PKK Lideri Abdullah Öcalan’ın çağrısıyla dün açlık grevi ve ölüm oruçlarını sonlandırdıklarını bildirmelerine rağmen İzmir’in Aliağa ilçesindeki Şakran Kadın Kapalı Cezaevi’ndeki tutuklular hastaneye kaldırılmıyor. Tam teşekküllü hastanelere sevk edilme yerine cezaevi revirlerinde tedavi edilen tutsaklara, yanlış müdahalede bulunulduğu belirtildi. 4 kişilik yatak kapasitesi olan revirde 30 kişinin saatlerce sandalyede bekletildiğini kaydeden tutsak yakınları, jandarmanın tutsaklara hakaret ederek, serumlara müdahale edildiğini söyledi.

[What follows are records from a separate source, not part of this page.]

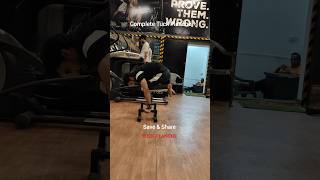 Day 7  Calisthenics Practice How To Do Tuck Planche 💯21jogesh calisthenics [upl. by Jacinta]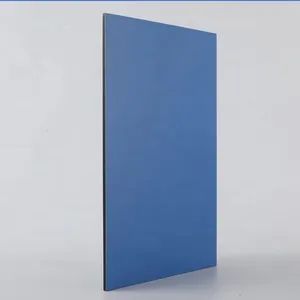 High-Quality Printed Aluminum Composite Panels for Signage Solutions - FOSHAN GUCI INDUSTRY CO.,LTD. - China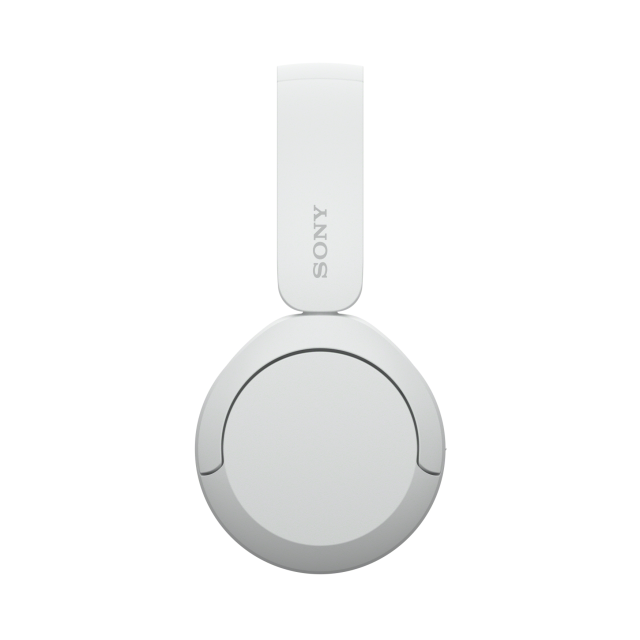 Sony WHCH520W_CE7 Wireless Headphones - White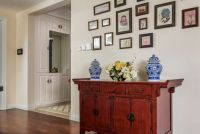 龙湖长楹天街190平米新古典风格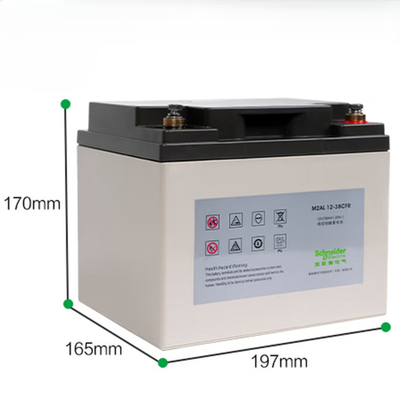 施耐德 M2AL12-38 CFR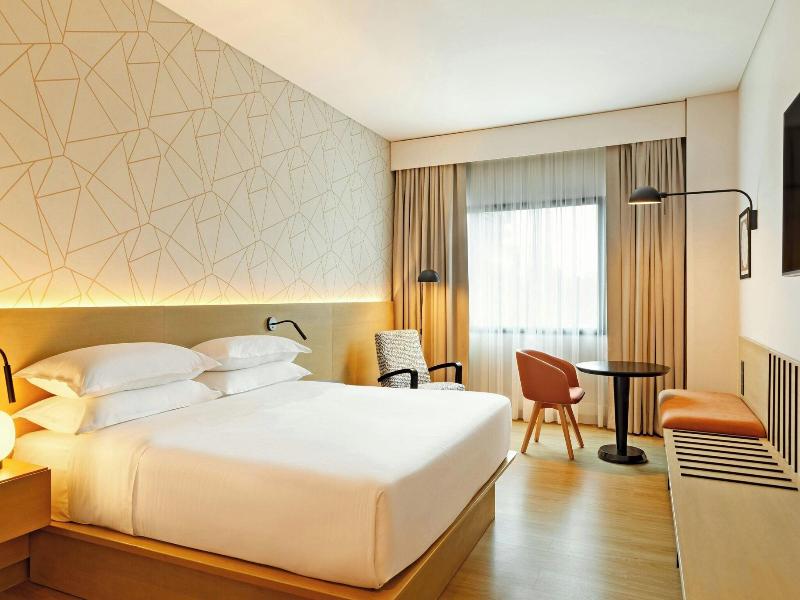 Sheraton Asuncion Hotel image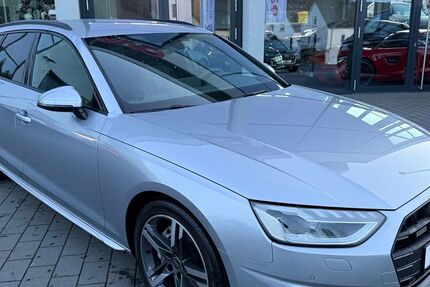 Audi A4 99.850 km 26.991 &euro; Burbach 57299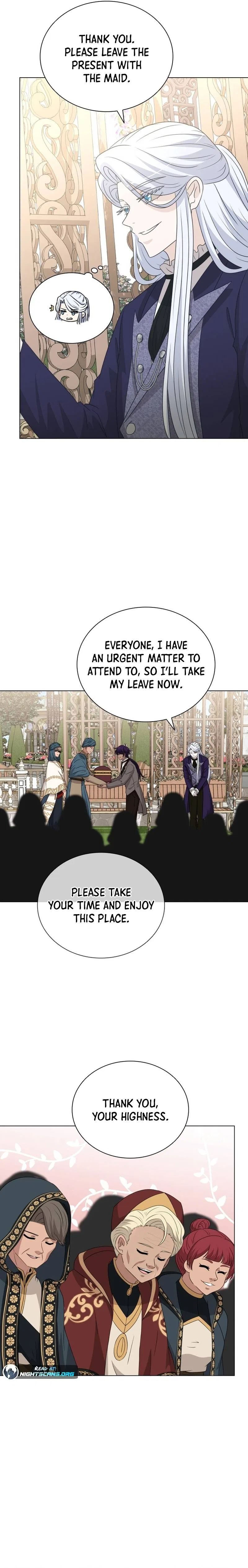 The Book of Lagier Chapter 73 – Page 8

Aileler, yağlı tuzlu salçalı yiyecekler verilen tutsakların fiilen açlık grevine devam ettiğini de aktardı.
‘Kamuoyu duyarlı olmalı’
Şakran T2 No’lu Cezaevi’nde tutulan Abdurahman Yıldırım’ın kuzeni Türkan Yıldırım, tahlil için sabah saatlerinde tutsaklardan kan alındığını söyledi. Kapalı görüş esnasında jandarmanın gerginlik yaşattığını ve konuşma esnasında çok yakınlarında bulunduğunu ifade eden Türkan, “Açlık grevi bitti ama gıda verilmemiş, yağlı tuzlu ve salçalı yemekler verilmiş. Kamuoyu duysun ve duyarlı olmalı. Cezaevi önünde gerekirse tekrardan oturalım, düzgün müdahale edilmezse kalıcı hasar oluşabilir. Ne yapmak istiyorlar anlamış değilim” diye konuştu.
‘Hakaret, tahrik ve serumlara müdahale’
Şakran Kadın Kapalı Cezaevi’nde 1 Mart’ta açlık grevine katılan Didar Bozan’ın annesi Nazlı Bozan, Didar ve arkadaşlarının halsiz olduğunu ifade ederek, şöyle dedi: “Dün saat 20.00’dan sabah saat 06.00’a kadar hastane reviri bölümünde bekletilmişler. 4 kişilik yatak kapasitesi olan odada 30 kişi sandalyelerde bekletilmişler. A-1’deki Damla Erdem kötü durumdayken serum vermişler ve vücudu reaksiyon vermiş, neredeyse ölecekmiş. Tam teşekküllü hastaneye götürülmek istenmiyor. Cezaevi revirindeki tedaviyi reddediyorlar. Tahlilleri yapılmadan direk serum verildiğini söylediler. Didar’dan sadece kan aldılar. O küçük revir odasında jandarma doluymuş ve seruma müdahale etmeye çalışmışlar. Ağıza alınmayacak hakaret etmişler ve marş okumuşlar. ‘Türkün jandarması, Türkün gücü nasıl oluyormuş’ diyerek kavga etmeye çalışmışlar.”
‘İdare çözüm üretmek yerine oyaladı’
Açlık grevine giren ilk grupta yer alan Rozerin Kalkan ve Rahşan Aydın’ın hastaneye götürüldüğünü ancak yatırılmak yerine cezaevine geri getirildiğini söyleyen Nazlı, cezaevi savcısı ve müdürü ile toplu olarak görüştüklerini belirtti. Müdürün savcıya, savcının doktora yönlendirerek oyalandıklarını dile getiren Nazlı, hastanenin ve ambulansların yetersiz oluşu gibi bahanelerle oyalandıklarını vurguladı. Nazlı, “Bu noktada duyarlı olsunlar, onlar 90, 150 gündür direniş gösterdiler, dışardakilerin de bu şekilde duyarlılık göstermeleri gerekiyor. Hasar kalmaması için doğru müdahale gerekiyor. Şu an fiili olarak açlık grevi devam ediyor” ifadelerini kullandı.
‘Doktorlar ‘ne haliniz varsa görün’ dedi’
Şakran A-1 Kapalı Kadın Cezaevi’nde 15 Şubat’ta açlık grevine başlayan Şehrivan Çoban’ın annesi Nafiye Çoban da, görüşte kızını tanıyamadığını söyledi. Şehrivan’da, diğer tutsak yakınları gibi hakaretlerde bulunan jandarmanın 4 yataklı odada beklediğini ve takılan serumlara müdahale ettiğinin altını çizdi. Nafiye, “Kızım Van, Ankara ve Tarsus’da kaldı ama İzmir’deki gibi baskı görmedim. Kanı düşük diye tedavi etmemişler. ‘Ne haliniz varsa görün’ demişler. Yağlı, salçalı, tuzlu çorba patates verilmiş. Tutsaklarda iyi bir hastaneye kaldırmadan müdahaleye izin vermemişler” dedi.